TiminMb - I am in agreement that anything we can do to verify plumb, due south orientation etc at various points in the alignment chain are all good.

Looking at my own SG2100 I would not see any point in trying to measure plumb off the housing or back, too many curves and other things getting in the way.

One of the critical results we are after is a correct alignment of the central axis of the tube. I have never done this, but you might find an insert long enough to get a declination reading from this axis before and after the dish is mounted.

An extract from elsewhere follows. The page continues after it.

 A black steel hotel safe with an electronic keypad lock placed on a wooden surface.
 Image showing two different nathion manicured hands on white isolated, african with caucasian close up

In my own case I prefer a post/mast that is fixed but can be tensioned according to need. That way I can add my level to the mast any time I need to check whether it is still plumb or not, making adjustments if required.
 
The problem I'm running into is that when I set my dish up for my true south sat, when I get further east and west the dish is aiming too high. That makes me think the pole is tilted forward(?) slightly, flattening the arc. But there is no where to measure the gooseneck pole when the motor is mounted to it.

I used to get all the sats in the arc, right out to Amazonas. I wonder if my SG2100 is wearing out from the weight of my dish? Well, before I jump to that conclusion, I want to know that the pole is plum with the weight of the dish and motor mounted.
 
... we are after is a correct alignment of the central axis of the tube. I have never done this, but you might find an insert long enough to get a declination reading from this axis before and after the dish is mounted.
...

Thinking about this some more. Are you suggesting taking a measurement off the stem coming out of the motor? If so, do you set it to the degrees that the motor is pitched back?
 
Actually I was thinking of something rather simpler, yes taking the measurement off the stem but doing it once with it pointed south and the dish off and then again with the dish on to see if there is a difference. But it sounds as if you don't have room to measure.

I'm having difficulty imagining your motor mount and why so little of the pole is available for plumb verification. Since there is enough length to attach a motor, can you take a regular level and attach perpendicular arms to it that would allow it to touch the pole above and below the motor and give you some idea of plumb?

Since the problem is at the ends of the arc this might not be helpful since more likely you will run into slop (looseness in the motor) issues, which have been discussed before.
 
With this SG2100 on a Fortec gooseneck pole, there is just barely enough straight section to mount the motor. The top U bolts are within 3/8" of the top of the pole, and the bottom rest just about where it starts to curve. It leaves you with no area to place a level against as its all occupied by the two u bolts and motor. Would be much simpler if it was all straight pole.
 
I don't know what your mounting situation is, but it would seem that if at all possible it would pay to dump the gooseneck and go with a regular straight pole, at least then you would have much more control over plumb of the pole and control over the motor, particularly at the ends of the arc.
 
Spent a good part of the day climbing up and down from the roof. I'm certain I have the pole perfectly plum, and with the weight of the dish. I've ran the dish east and west and the dish stays vertical. The bad news is that I can't get much east of my location. I really want AMC6 and lost it ever since I switched to a heavier lnbf, the Xtreme II.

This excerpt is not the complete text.